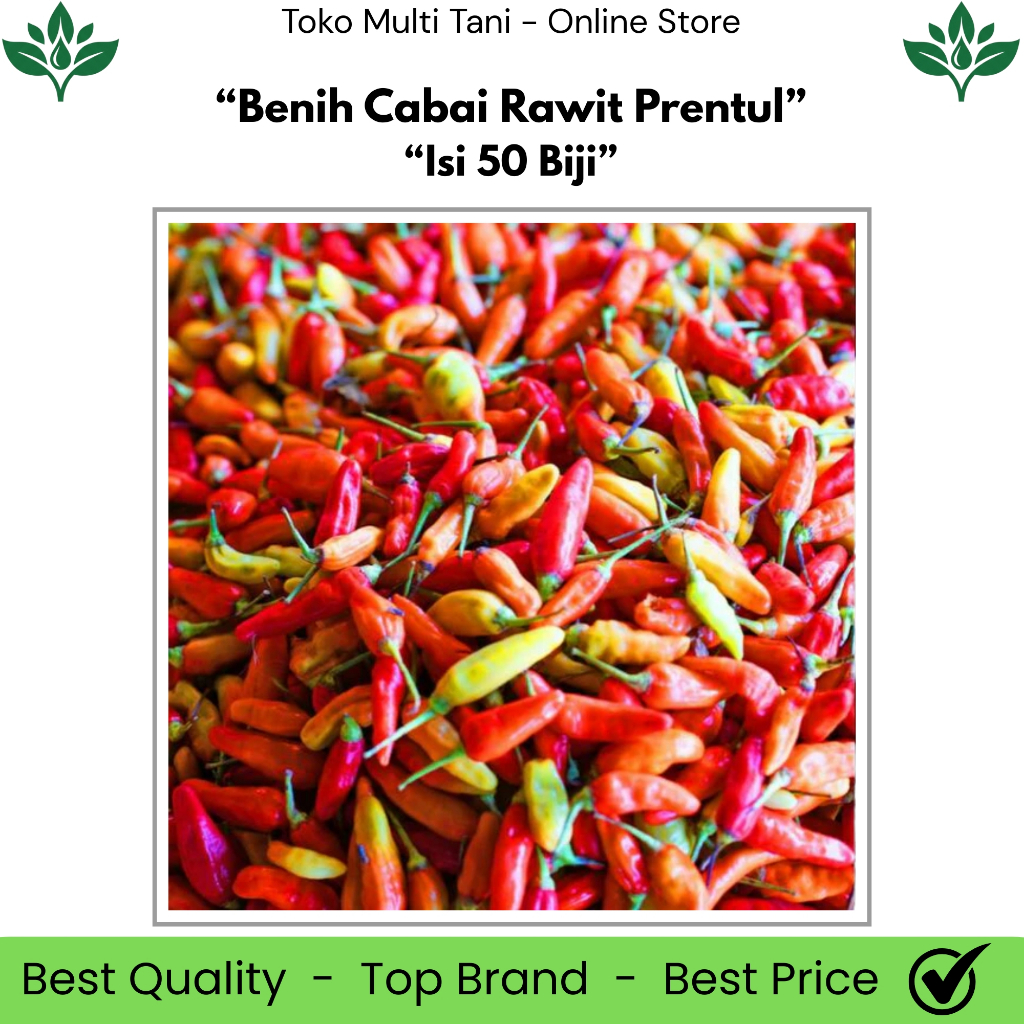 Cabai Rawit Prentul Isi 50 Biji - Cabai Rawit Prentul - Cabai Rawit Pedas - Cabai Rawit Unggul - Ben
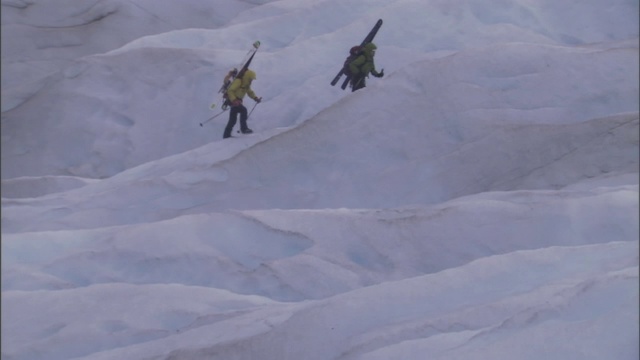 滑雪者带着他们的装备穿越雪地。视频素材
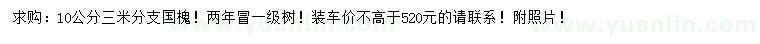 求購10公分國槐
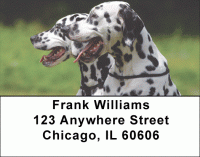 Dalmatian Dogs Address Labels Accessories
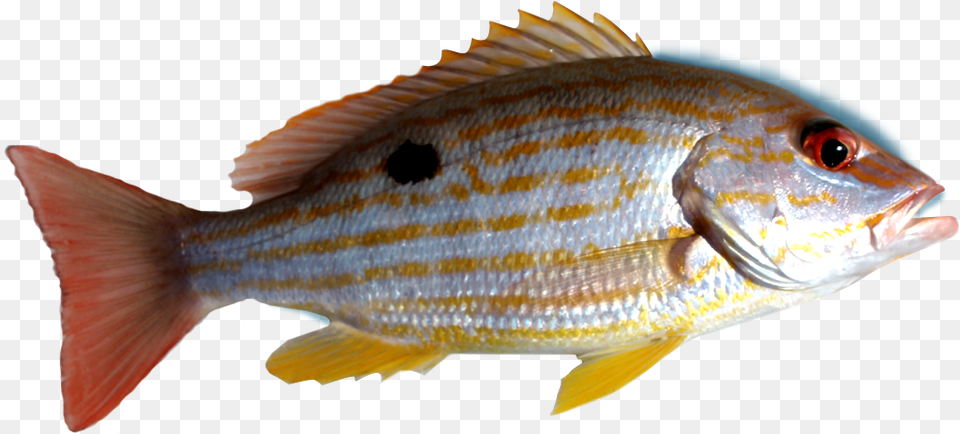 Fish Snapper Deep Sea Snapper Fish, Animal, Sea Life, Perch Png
+ + + + + + +
__PROMPT__. The records above must be echoed exactly, minus their pictures.

__TASK RESPONSE__.
 Cabai Rawit Prentul Isi 50 Biji - Cabai Rawit Prentul - Cabai Rawit Pedas - Cabai Rawit Unggul - Ben
 滑雪者带着他们的装备穿越雪地。视频素材
 求購10公分國槐
 Dalmatian Dogs Address Labels Accessories
 Fish Snapper Deep Sea Snapper Fish, Animal, Sea Life, Perch Png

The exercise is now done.